April 4 (UPI) -- The Christchurch mosque shooting suspect was ordered to undergo two mental health examinations to determine whether he is mentally fit to plead to the 50 murder and 39 attempted murder charges laid against him.
In his second court appearance since he allegedly killed 50 people and injured 50 more during a shooting at two New Zealand mosques on March 15, Australian Brenton Tarrant, 28, listened to Justice Cameron Mander formally record the charges.
A day following the shooting, Tarrant made his first court appearance and was charged with one count of murder with more expected to follow, but in the Christchurch High Court Friday, Mander said that the initial charge was to be amended as the woman was alive.
Police apologized for the error late March when it was discovered, stating the charge sheet would be amended.
"New Zealand Police regret this error and apologies for any harm caused by the mistake," a police spokesman had said at the time.
Mander also ordered Tarrant, who appeared in court via an audio-visual link from Auckland Prison some 620 miles from Christchurch in Paremoremo, to undergo a mental health report, which he said was normal procedure.
The court case comes a day after Tarrant appointed two Auckland-based defense lawyers, an about-face from mid-March when he dismissed his duty lawyer stating he would represent himself.
Barrister Shane Tait said in a statement he and Barrister Jonathan Hudson would be representing Tarrant, Stuff reported.
Tait told the court they will seek a psychiatric assessment for his client, which could take upwards of three months to complete.
Mander then ordered a second consultation to speed up proceedings, despite Tait's objections.
"Despite Mr Tait's reservations to that initiative ... it's an appropriate step to take at this point to prevent delay," Mander said.
Tarrant was then remanded in custody.
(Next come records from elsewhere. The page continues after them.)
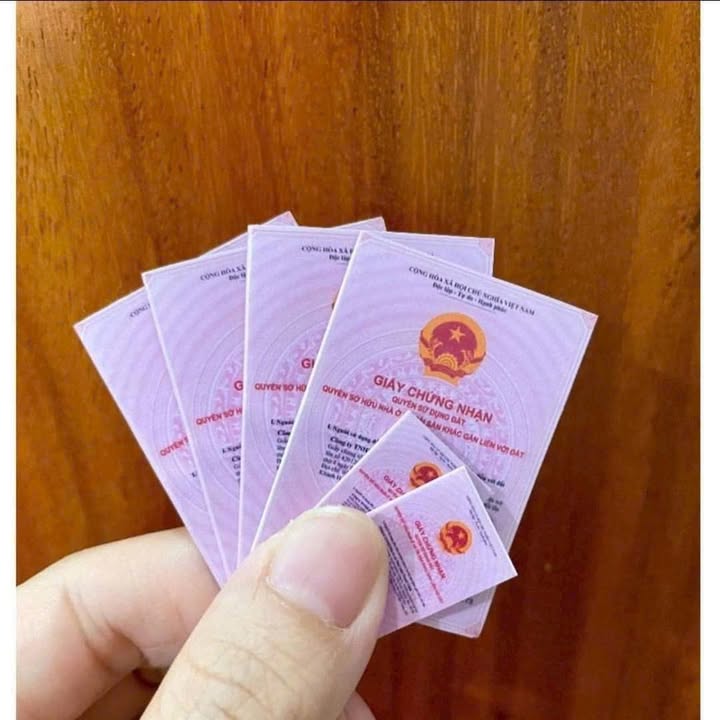 Căn hộ chung cư Bình Phú, Quận 6, 56.4m² giá 2.35 tỷ - Sổ hồng lâu dài, ngân hàng hỗ trợ!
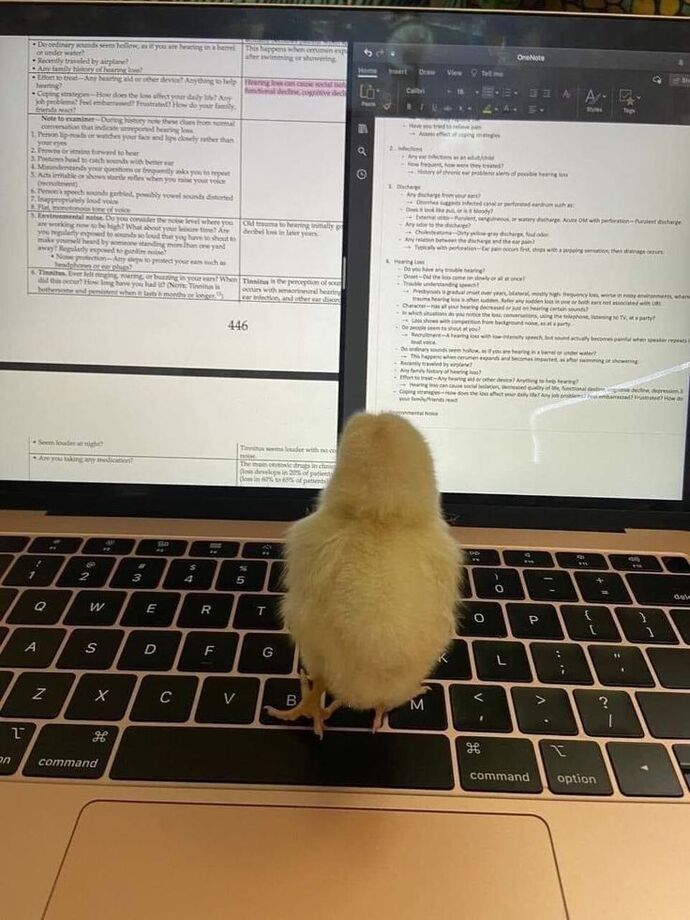 Hiç uzaktaki birisi için yol gittiniz mi?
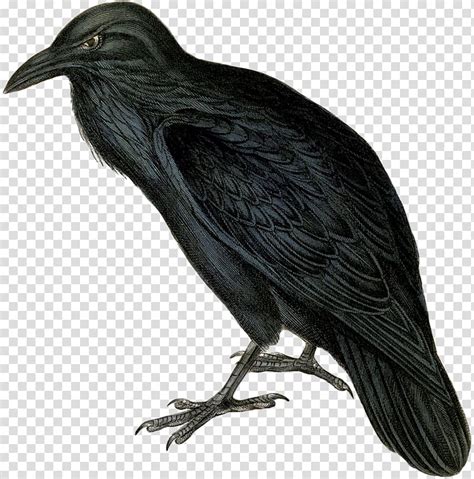 Clipart Of A Raven 20 Free Cliparts Download Images On Clipground 2023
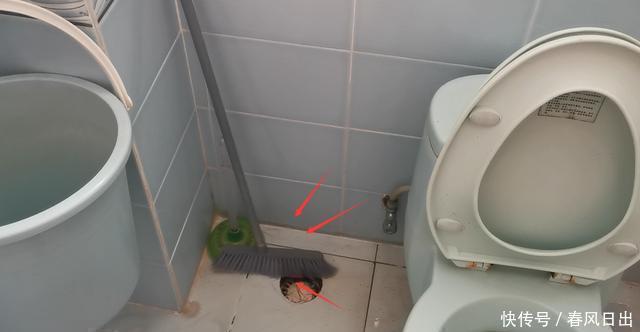 放错|3个地方不要放扫帚,不是迷信,放错了立马回家拿走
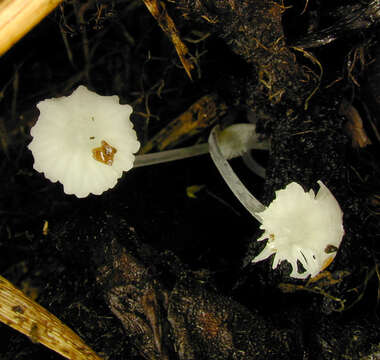 Image of Hemimycena candida (Bres.) Singer 1943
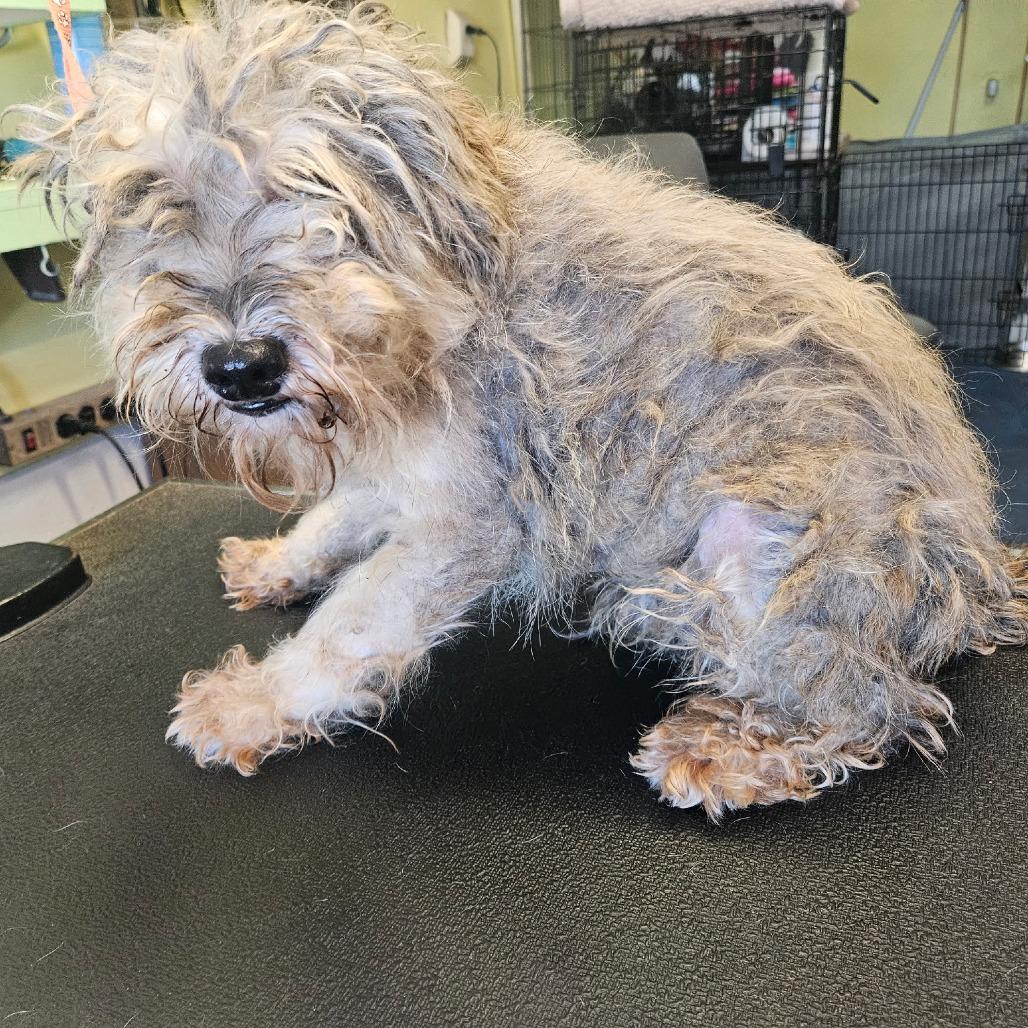 Enlarge Oscar, a Adoptable Poodle in Goltry, OK image 1/6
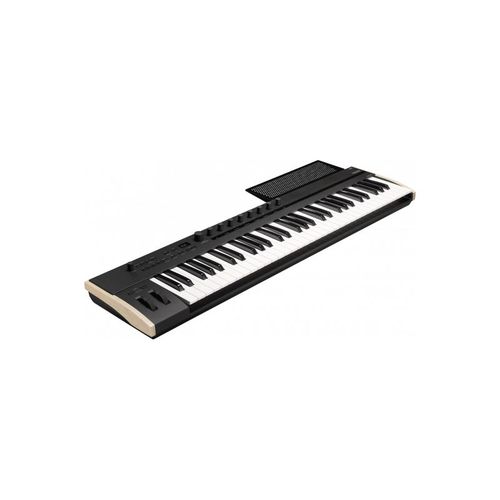 Korg - Clavier Maître 61 Touches Aftertouch Polyphonique Et Midi 2.0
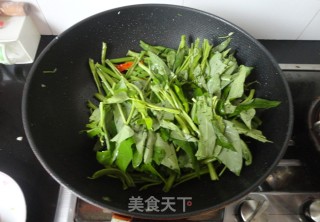 【蒜末空心菜】的做法步骤：6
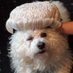 Law Paw Charity Calendar (Billable Hour) (@lawpawcalendar) Twitter profile photo Law Paw Charity Calendar (Billable Hour) (@lawpawcalendar) Twitter profile photo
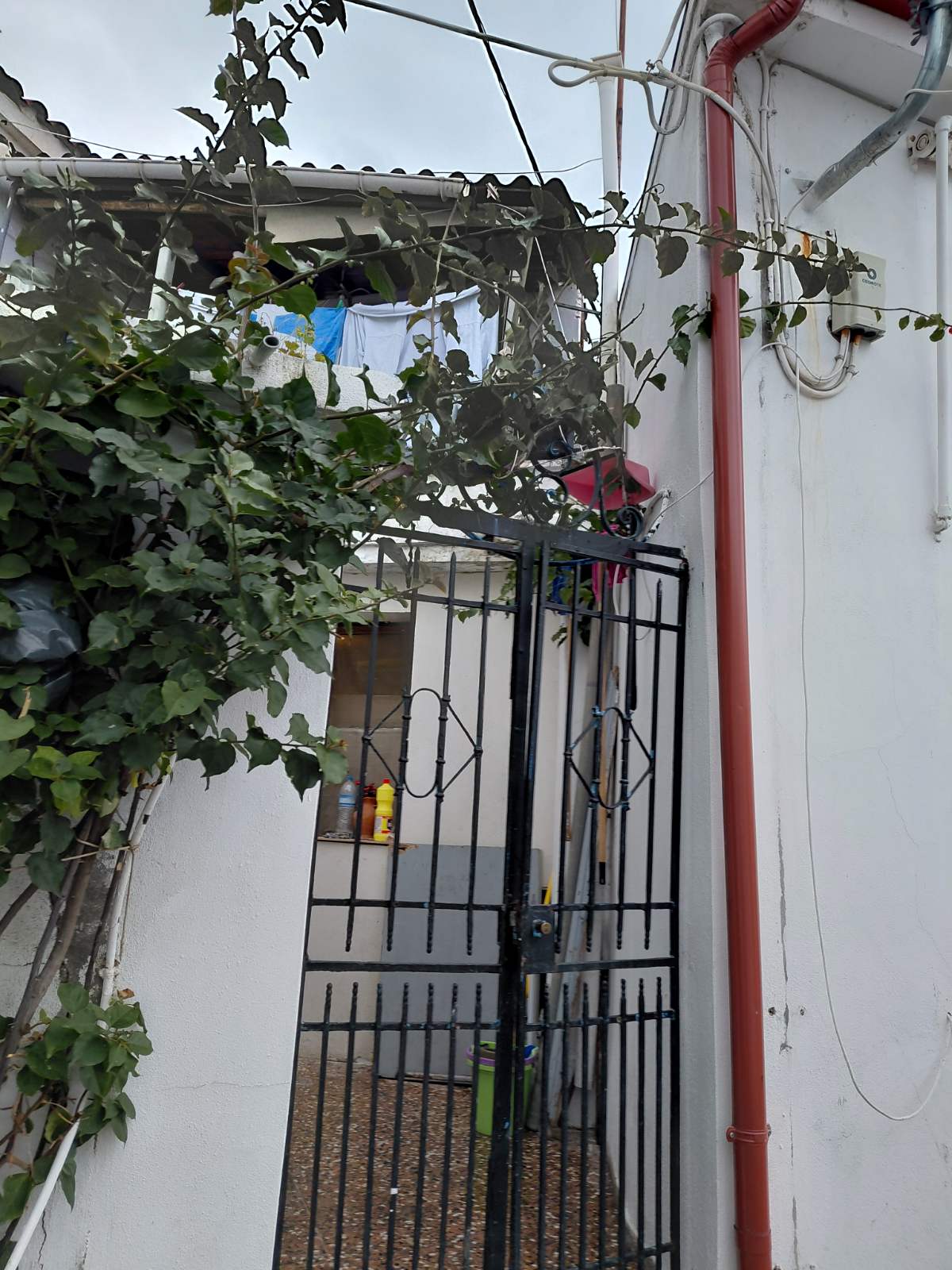 Οικόπεδο με κτίσμα  σε πλειστηριασμό Δήμος Σκιάθου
His next court appearance was scheduled for June 14.
He was not required to enter a plea.
Friday's court appearance came a day after New Zealand police laid the charges against Tarrant, stating "other charges are still under consideration."
The media, while permitted in the court room, were prohibited from filming, photographing or recording audio of the proceedings.
The media were permitted to take photographs during Tarrant's first court hearing on March 16, but images of him were distorted before they were published or distributed to foreign news companies, Stuff reported.